All of you have indeed provoked important thoughts here.

Thanking you very much...

a

alyce
03-04-2002, 08:44 AM
if they will accept any old kind of relationship...if they have no understanding of the importance of having standards...if they require nothing but saggin and baggin from their boyfriends... that's exactly what they will get.

I also have a son, who is getting the same message. It's a learned behavior that begins before any dating takes place. I maintain that women, from the moment we give birth to a manchild, have EVERYthing to do with shaping his opinion and his treatment of future women. And if he's been taught by both the women and men in his family, to respect himself and women, he won't be so inclined to deal on certain levels, himself.

Got to get em with this info while they're young...it's truly hard to unlearn bad habits. I'm a witness.

Yes, Kem, I agree with you. (did I say that????) :)


a

Nia Maishani
03-05-2002, 12:29 AM
Originally posted by kemetstry
:cool:

Nia M
You just a dawg! :eeek: If you wont respect a committed dating situation ( and there are such things ), you wont respect a marriage!


:rolleyes: This is a simple matter of your misreading me, Kemetstry. I said nothing about not respecting a "committed dating situation". If the Brother is in love, then I'm not about to enter that picture. But if he's just "seeing" her, and nothing is definite, then why should I rule him out? Now if it is a long-term situation where they've been together for quite some time and are actually building something together, I respect such a relationship, and my Sister who is on the other side.

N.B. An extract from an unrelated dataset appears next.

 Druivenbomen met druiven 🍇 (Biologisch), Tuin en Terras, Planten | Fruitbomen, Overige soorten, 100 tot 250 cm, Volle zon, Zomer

I am very offended by the fact that you suggest I would not respect a marriage, as religious as I am about respecting marriage. Just understand where I am coming from; I do not regard a relationship where the two parties refer to one another as "my friend" in the same way that I do a relationship where the parties refer to one another as "my wife" and "my husband". Some folk treat these fly-by-night "friendships" like they are marriages, when they are nothing but casual relationships that don't even have potential.

Allow me to illustrate what I am getting at, using an example from my own life. The brother I dated most recently, I suppose we dated for about four months. I never considered him my significant other really, although I considered him a candidate for becoming the #1 man in my life. I NEVER laid any claim to him, and felt he had no claim to me. I just liked him and was getting to know him by hanging out with him regularly. He began talking the "exclusivity" talk, and I wasn't feeling that. I wasn't digging him THAT deeply. It would've been different if I was really digging him like that. He wouldn't have been wrong to have had other friends, either. We weren't sleeping together or serious in any kind of way. Turned out we were not two of a kind. We're still friends.

If I know someone's relationship is deep, I wouldn't dare set myself up to become an infiltrator. But if it's just a shallow, uncommitted friendship, not even worth mentioning, then no one is "disrespecting" anyone. Let me just be very clear; I don't want someone else's guy. But folk need to stop trying to lay claim to other folk who consider THEMSELVES single and available.

My main thing is against trying to put a leash on someone whom you've only been seeing/knowing for a short time. I'm not speaking of those long-term, serious relationships. Parties involved in long-term, serious relationships should be treated as off-limits.

Nia Maishani
03-05-2002, 11:16 AM
How would I know to draw a distinction? Are you asking how I would know that I should draw a distinction, or how I would know HOW to draw a distinction? I'll answer using the former. Well, if I know that a person could either be in love or not, I would go for the one who is NOT in love, seeing that such status would make them unattached emotionally. If they are emotionally attached, it would be wrong to interfere. But if there is no emotional attachment, what would be the point of ruling them out? True, I am not in love and have not been, and I also know that there are others out there who are in the same position as me. They are unattached emotionally at present. They are available for getting to know me, and me them. This is not giving in to the Id. You do not "give in" to the Id. You have no control over the Id. And I don't attempt to self-gratify, so I'm really not clear on what you are talking about.

Nia Maishani
03-05-2002, 08:03 PM
In my opinion, if he were in love, he would not be trying to find out what he and I could be about together. If he mentions another woman and refers to her as his wife, fiancee, live-in woman, I wouldn't be inclined to accept a date.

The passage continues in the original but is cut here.